Утром вышли из села напутствуемые веселыми пожеланиями крестьян. А накануне, поздно вечером, в чистой горнице, где ночевали на оленьих постелях, укрытые ушканьими одеялами, произошел ненужный разговор.
— Какой нетронутый край! Какой простосердечный народ! — восторгался совсем разблагодушествовавшийся полковник. И прапорщики вторили ему:
— Да, да! Изумительно!
— Я всегда знал это. Я всегда ценил в нашем крестьянине его отвращение к политике, его уважение к порядку... Ведь прямо отдыхаешь здесь среди этих простодушных людей...
— А какое гостеприимство! — умилялись прапорщики. А хорунжий многозначительно крякал.
Но опять непрошенно вторгся в умилительный разговор тот, кого в этом повествовании сбивчиво именуют то Степановым, то Семеновым:
— За это радушие, — вяло, словно нехотя, сказал он, — за это радушие я роздал четыре банки пороху, фунта три махорки да еще всякой муры...

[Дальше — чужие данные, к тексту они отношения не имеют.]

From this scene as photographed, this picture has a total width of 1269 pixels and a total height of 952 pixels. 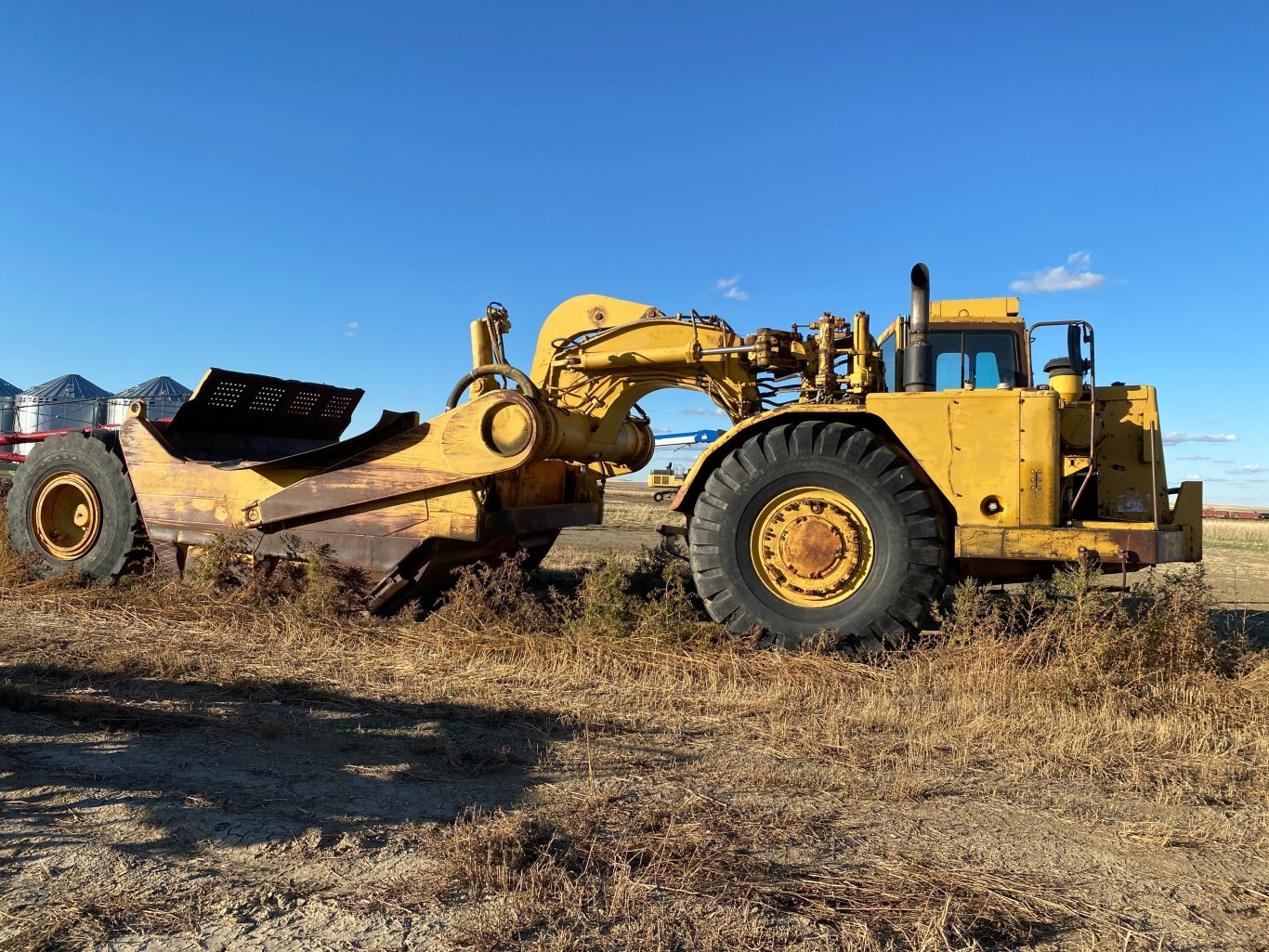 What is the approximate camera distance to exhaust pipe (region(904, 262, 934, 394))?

Но полковника, который с таким аппетитом поужинал сочным сохатиным мясом, полковника, у которого жаркая баня отогрела, отпарила не только уставшее тело, но и начавшее уже было замирать сердце, — его не собьешь какими-то четырьмя банками пороха и тремя фунтами махорки.

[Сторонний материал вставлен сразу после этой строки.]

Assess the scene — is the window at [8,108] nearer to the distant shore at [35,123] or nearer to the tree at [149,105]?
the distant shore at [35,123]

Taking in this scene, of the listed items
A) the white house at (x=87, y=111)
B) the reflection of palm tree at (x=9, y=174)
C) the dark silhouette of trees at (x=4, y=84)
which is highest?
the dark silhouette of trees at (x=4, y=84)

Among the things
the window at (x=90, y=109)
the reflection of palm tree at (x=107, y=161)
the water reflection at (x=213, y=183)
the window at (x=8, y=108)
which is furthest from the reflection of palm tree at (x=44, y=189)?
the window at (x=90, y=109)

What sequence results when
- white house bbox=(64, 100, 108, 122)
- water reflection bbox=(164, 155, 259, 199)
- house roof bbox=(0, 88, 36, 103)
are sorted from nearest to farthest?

— Глупости! — бодро возражает он (да и нужно ли вовсе возражать?). — За услугу всегда нужно платить чем-нибудь!.. Я, — подчеркивает он, — всегда плачу... А крестьяне к нам отнеслись хорошо, даже сочувственно, я сказал бы. Я знаю народ. Я, батюшка мой, двадцать лет в армии. Чрез мои руки не одна тысяча новобранцев прошла... Я народ наш знаю...
— Этот народ, здешний, я знаю лучше вас!
— Почему это? — обиделся полковник. — То-есть, каким это образом?
Степанов тихо рассмеялся: странный такой смех, куда-то в сторону, не для этих четырех:
— Я ведь еще не говорил вам, что мне приходилось здесь жить несколько лет.
Полковник, а за ним и другие, приподнялись на постели.
— В каком качестве?
— В качестве ссыльнопоселенца! — с какою-то поспешной готовностью ответил Степанов.
— Политического?! — одновременно вырвалось у полковника и хорунжего.
— Нет! — снова засмеялся Степанов. — Нет, в качестве уголовного ссыльнопоселенца.
И как бы не замечая некоторого движения среди спутников, он вернулся к тому, о чем говорил:
— Дело не в том, что пришлось отдать немного пороху и табаку, чорт с ними! А штука состоит в том, что у чалдонов аппетит разыгрался.
— Ну, они о нас скоро забудут, — вмешался хорунжий. — Вы были тогда правы там, в зимовье... Им ведь ни до красных, ни до белых одинаково никакого дела нет.
Степанов поднялся со своей постели и перегнулся к своим спутникам:
— Вот в том-то и вся суть: им нет никакого дела ни до белых, ни до красных... А потому нам нужно стараться обходить деревни... Здесь мы сделали пробу. Проба оказалась правильной!..
— Что же вы узнали через эту пробу? — насмешливо спросил хорунжий.
— А то, что мы для них только дичь, красный зверь... которого не трудно выследить...
— Пустяки! — отрезал полковник. — Давайте лучше спать!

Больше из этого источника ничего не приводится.